> What you need to do: Drop every picture. Return the rest of the entries exactly.

════════════════════

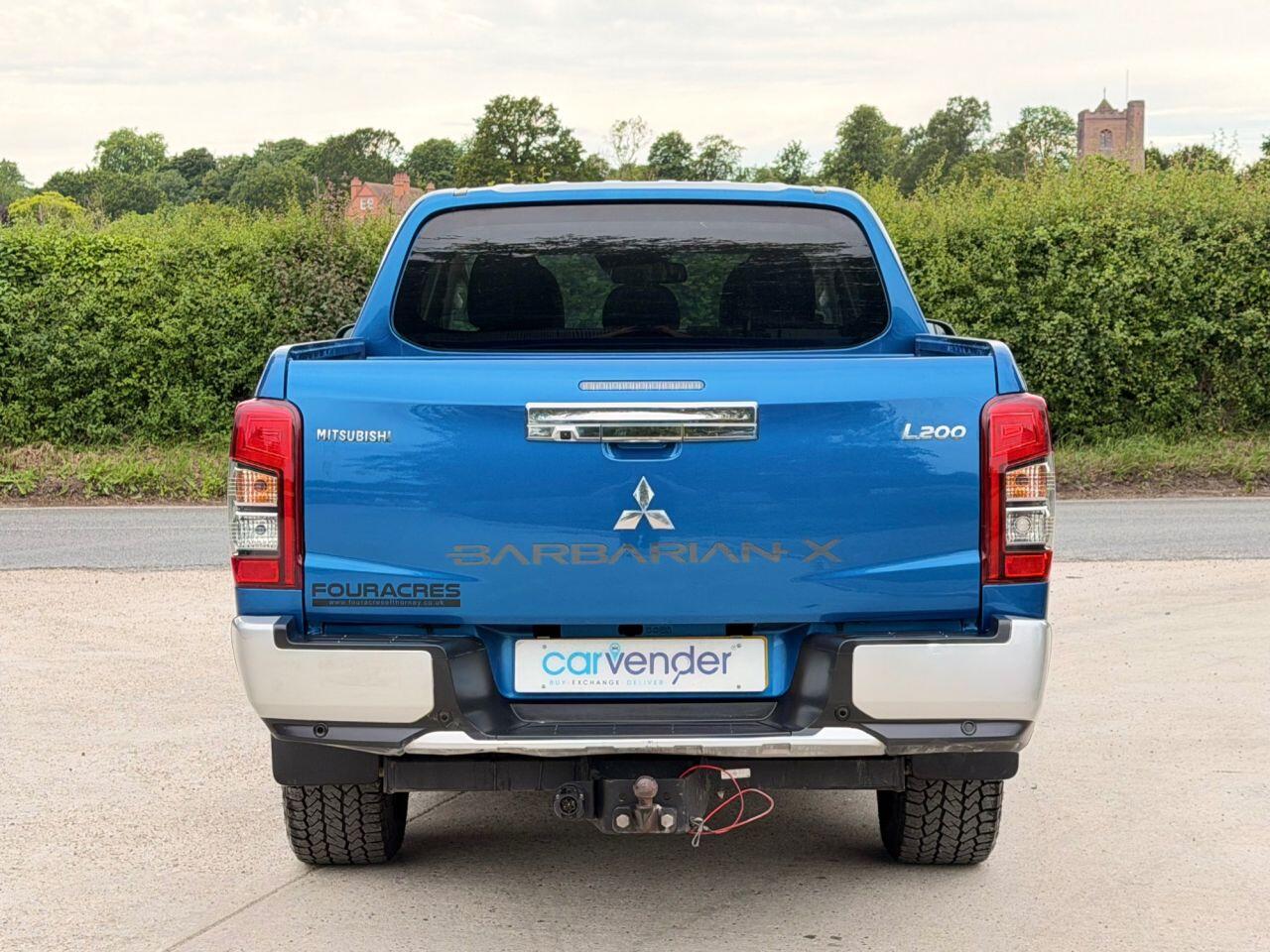 Mitsubishi L200 view 5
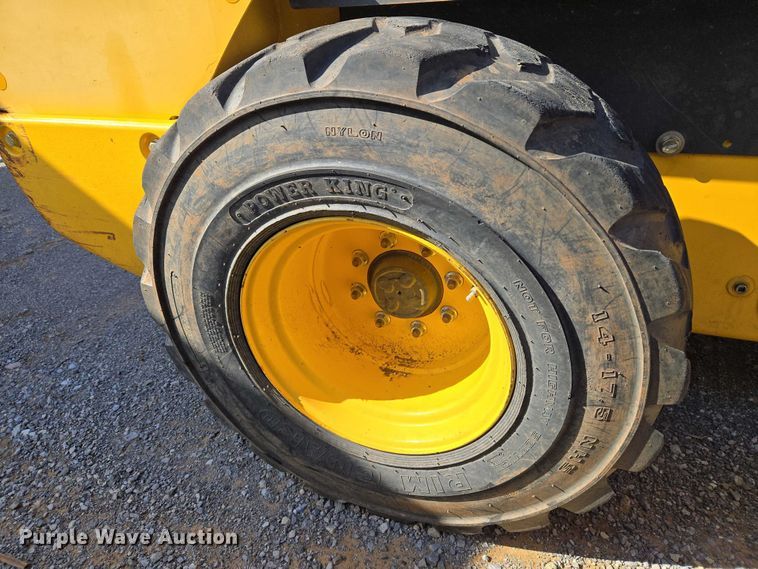 image for item EU3960 2012 New Holland L230 skid steer loader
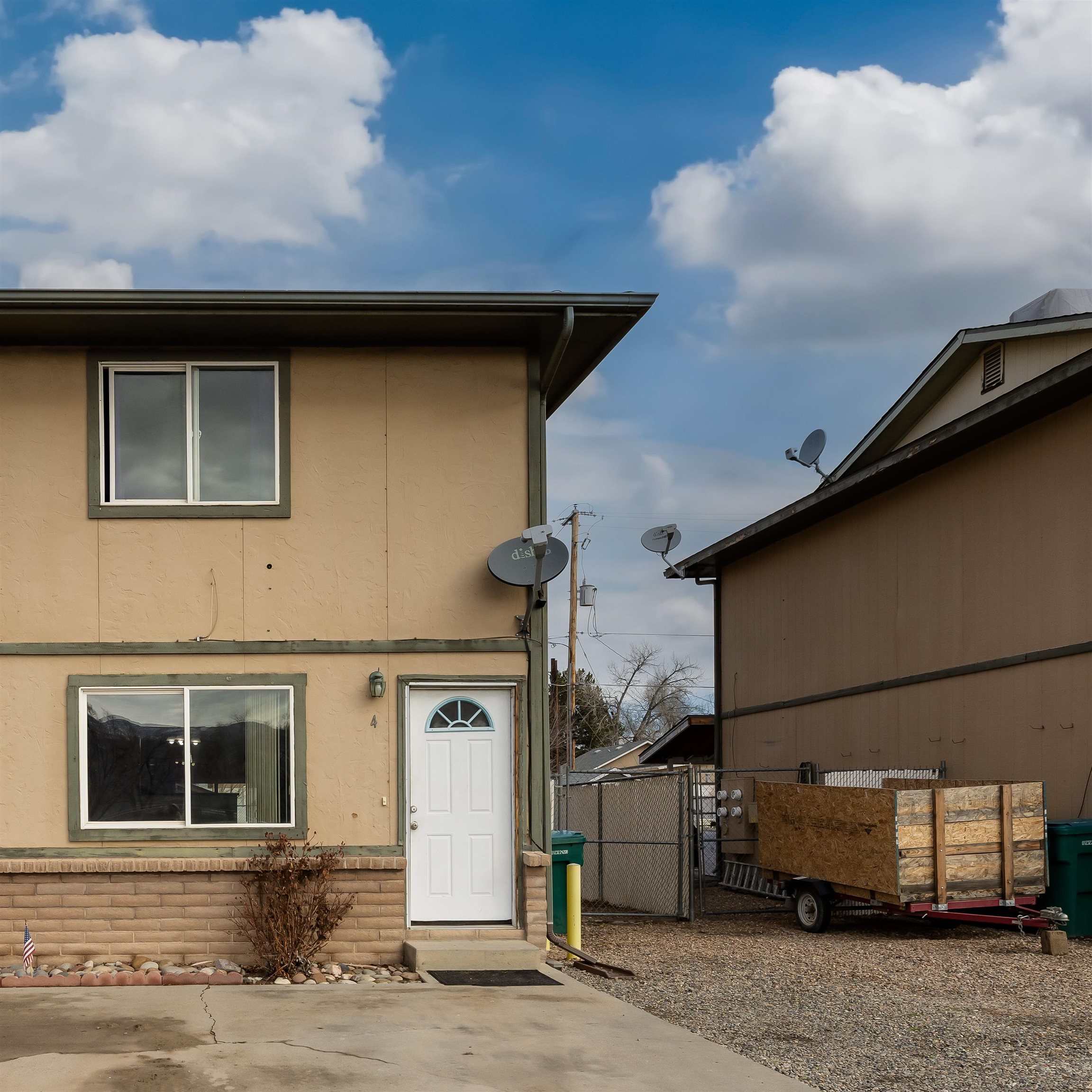 559 W Pabor Way Property Photo 1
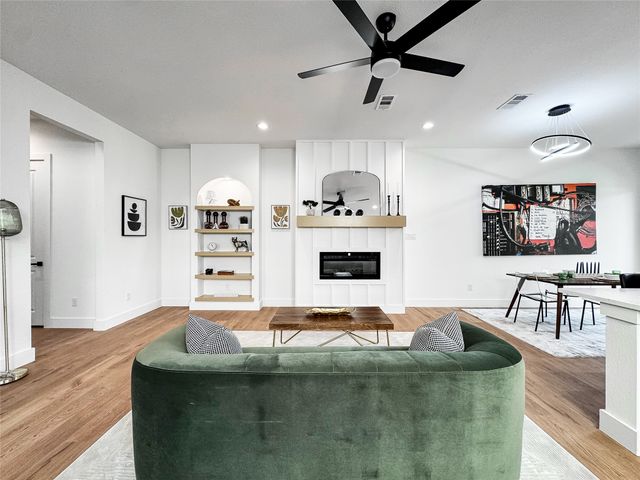 2417 Merlin Street, Dallas, TX 75215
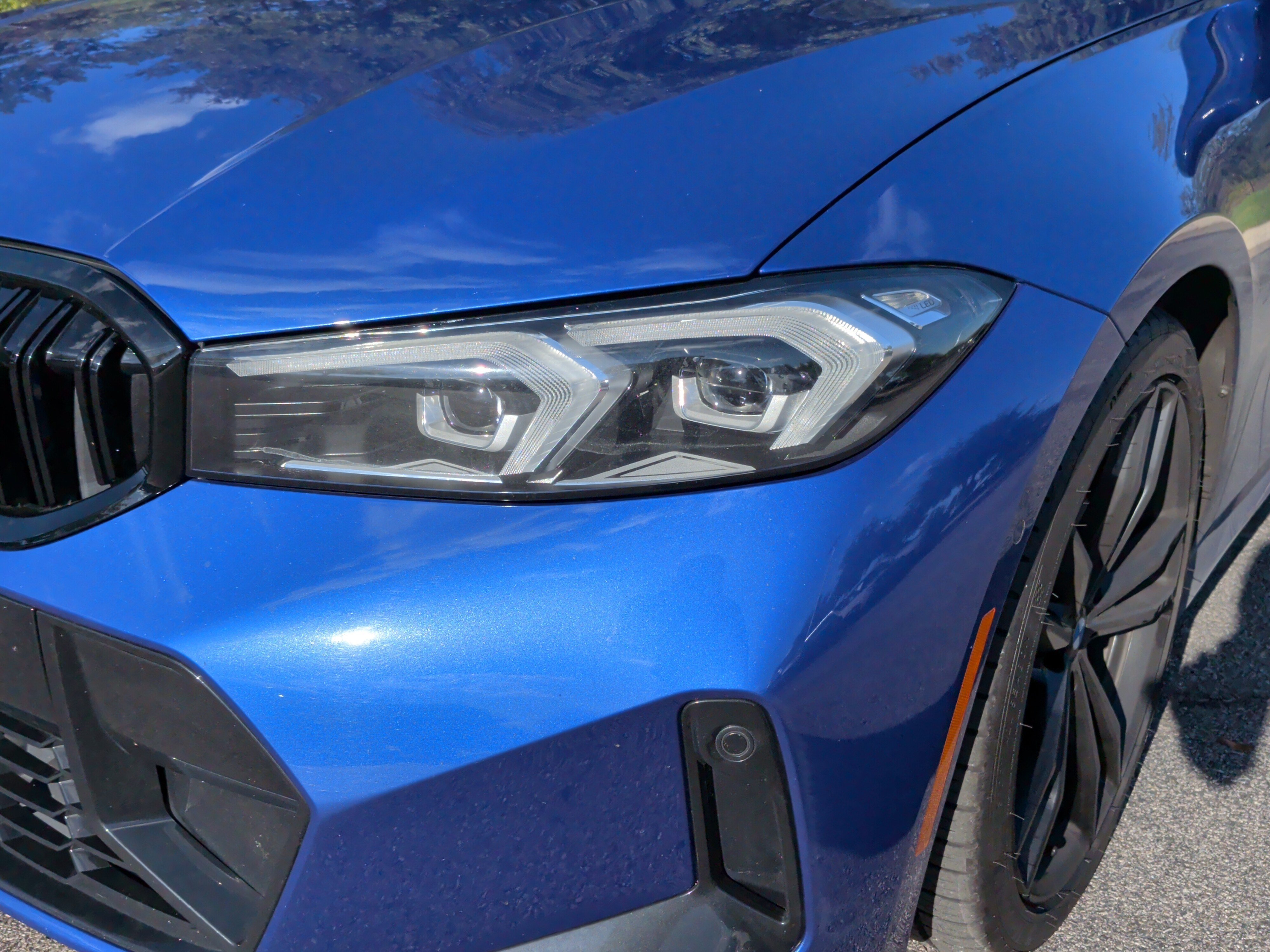 Used 2023 BMW 330i Sedan w/ M Sport Package RWD image 6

════════════════════

> Result of the exercise:
 Mitsubishi L200 view 5
 image for item EU3960 2012 New Holland L230 skid steer loader
 559 W Pabor Way Property Photo 1
 2417 Merlin Street, Dallas, TX 75215
 Used 2023 BMW 330i Sedan w/ M Sport Package RWD image 6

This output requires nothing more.